15
— Мы заплатили пять тысяч лир во второй раз и выбросили обе урны, — рассказывала Петра Венд.
Она по-прежнему сидела на своей кровати, но больше не плакала. Ее глаза покраснели.
— Могу себе представить, господин Голланд, как все это для вас ужасно, — сказала она.
В этот момент я еще был не в состоянии вообще что-нибудь осознать из ее рассказа. Когда в лесу под Кельном я наступил на противотанковую мину, я поначалу не чувствовал страха. И страх, и осознание того, что у меня больше нет ноги, пришли много позже. Поначалу же я не чувствовал ничего.
Я допил свое виски и спросил:
— И больше вы о Сибилле ничего не слышали?
— Никогда.
— Вы остались в Риме?
— Нет, господин Голланд. Мои итальянские друзья предупредили меня. Они сообщили, что мне предстоит отзыв в Берлин, где я тоже буду наказана.
— И что вы предприняли?
— У берлинского атташе по культуре были друзья в Вене, супружеская пара. Муж был химиком. У него за городом, в Вейнбергене, был домик. Он и его жена спрятали меня там до конца войны. Одно время была опасность, что меня вышлют из Австрии из-за отсутствия работы, но потом я нашла работу на студии и осталась в Вене.
— Вы дали показания против Сибиллы?
— Разумеется. Еще в апреле сорок пятого.
— И?
— Много лет затем меня постоянно вызывали для получения дополнительных сведений. По представлению мюнхенской прокуратуры меня также допрашивали в венских следственных органах.
— Почему мюнхенской прокуратуры?
— Ваша подруга родом из Мюнхена, господин Голланд.
Я здраво рассудил: понятно, почему, достав фальшивые документы на имя Лоредо, она поселилась в Берлине. Я бы тоже не остался в Мюнхене. Ни в коем случае. Это было бы слишком рискованно.
— И чего добились следственные органы?
— В книге регистрации смертей по западному административному округу Мюнхена они нашли запись, по которой некая Виктория Брунсвик числилась скончавшейся одиннадцатого августа девятьсот сорок четвертого года, на улице, от сердечного приступа.
— Думаете, запись сфальсифицирована?
— Я в этом уверена. — В ее глазах снова появилось выражение жуткого страха, как там, на Акациеналле. — Виктория получила фальшивые документы, переехала в Берлин и жила там спокойно все десять лет, пока не встретила отца Тонио!
Я кивнул.
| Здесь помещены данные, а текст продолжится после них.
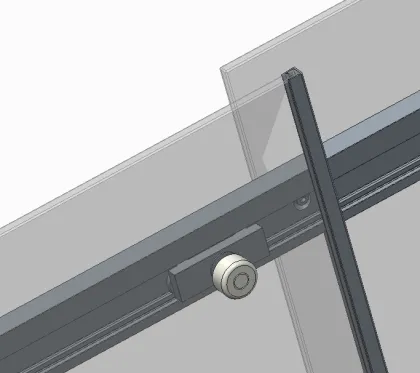 Двері в нішу Koer SR SD02-140x200-TR-01 прозоре скло Easy Clean 8мм, хром (KR5383) — Photo 8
То, что она говорила, звучало разумно. Страшно, но не бредово. Так вполне могло быть.
— Потом она инсценировала свое похищение, последовала за ним в Зальцбург и застрелила его. И теперь, и теперь… — Петра осеклась и посмотрела на меня.
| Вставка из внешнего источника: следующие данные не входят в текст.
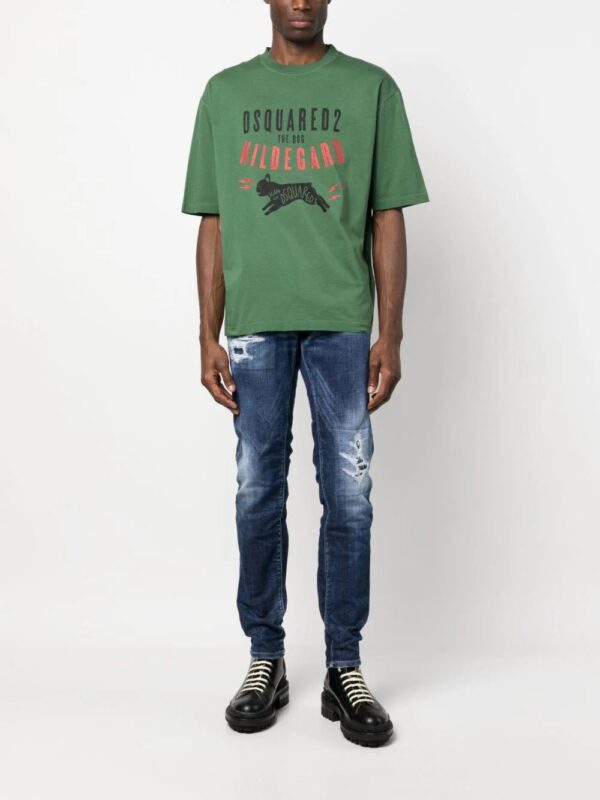 Dsquared2  logo-print cotton T-shirt - Image 2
— Что теперь будет? — прошептала она. — Она в городе, она где-то поблизости, я чувствую это. Я так боюсь, господин Голланд! Скажите, что мне делать? Пойти в полицию и все рассказать? Или молчать? Скажите же!
Я поднялся:
— Не знаю, госпожа Венд…
— Не оставляйте меня одну! — Она быстро вскочила и обвила меня руками, но это были объятия страха — не нежности.
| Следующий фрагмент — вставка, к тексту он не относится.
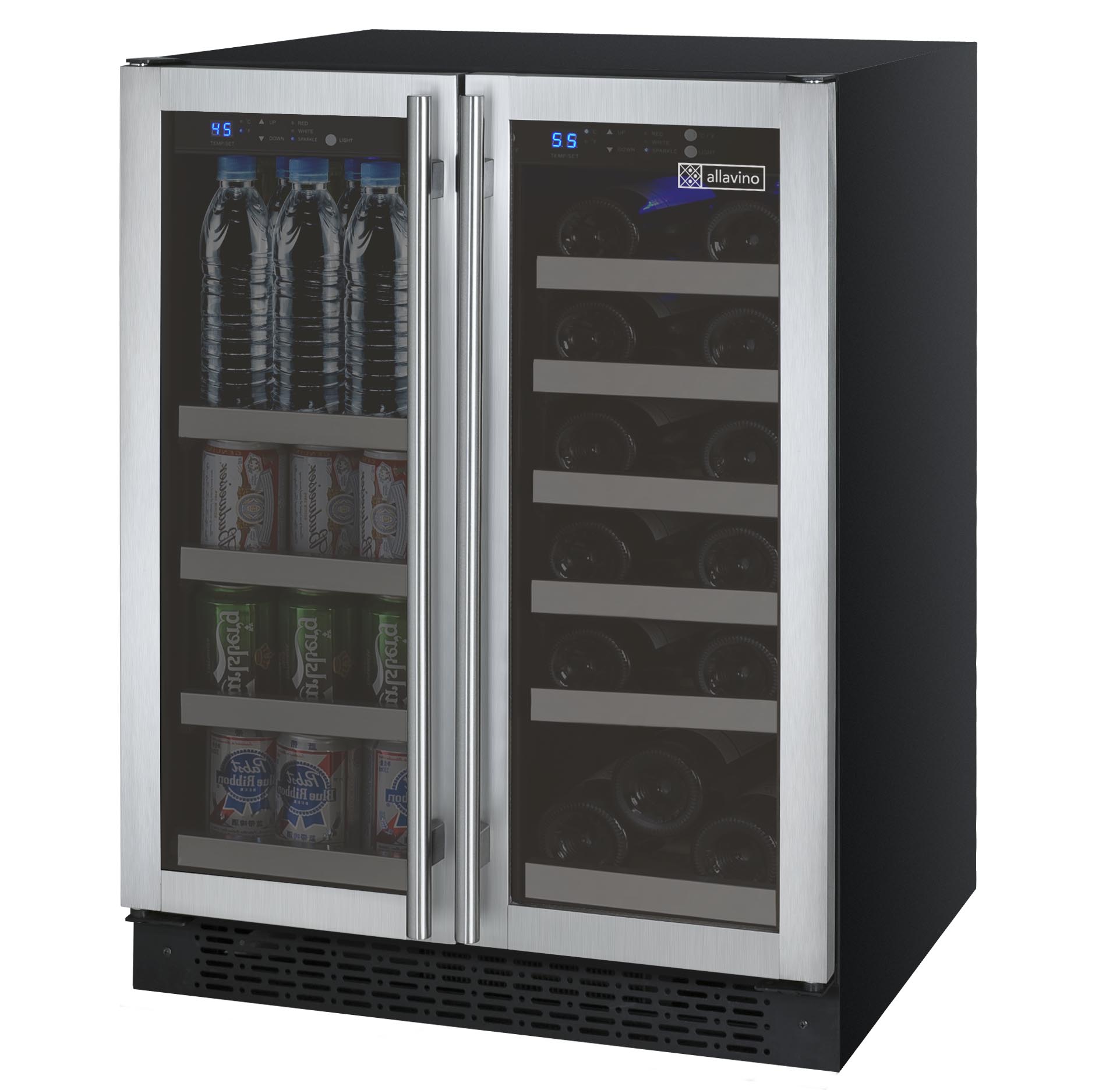 Allavino Vswb 2ssfn Flexcount Series 2 Door Wine Refrigerator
Я снял ее руки со своих плеч:
— Спокойной ночи, госпожа Венд. Заприте дверь и примите снотворное.
Она снова упала на кровать.
— Завтра посмотрим, — сказал я уже от двери.
Я оглянулся еще раз. Она все так же сидела, что-то бормоча себе под нос и безвольно шевеля руками.
Я взял свое пальто и на лифте спустился в холл. В это время — после двадцати двух — он был совершенно пуст. Только ночной портье стоял за стойкой и сортировал почту.
— Хотите прогуляться, господин Голланд?
— Да.
— Езжайте осторожнее, там туман.
— Я пройдусь пешком.
На улице и вправду сгустился туман, за десять шагов ничего не было видно. Туман был густым и янтарно-желтым и пах дымом. По темному туннелю я вышел к вокзалу и повернул к реке. Я думал о Сибилле.
Это было совершенно невозможным, чтобы женщина, которую я любил, и женщина, которую нарисовала Петра Венд, были одним и тем же лицом. Этого просто не могло быть. Я обладал слишком хорошим знанием людей. Я знал Сибиллу. Это страшное недоразумение, вот что это такое. Путаница из-за схожести. По-другому и быть не могло.
— Простите, может быть, вы знаете, где находится отель «Золотой олень»?
Это был маленький и растерянный человечек. Он стоял в нерешительности на плохо освещенном перекрестке. Я почувствовал запах спиртного. Он был сильно пьян и говорил со швейцарским акцентом.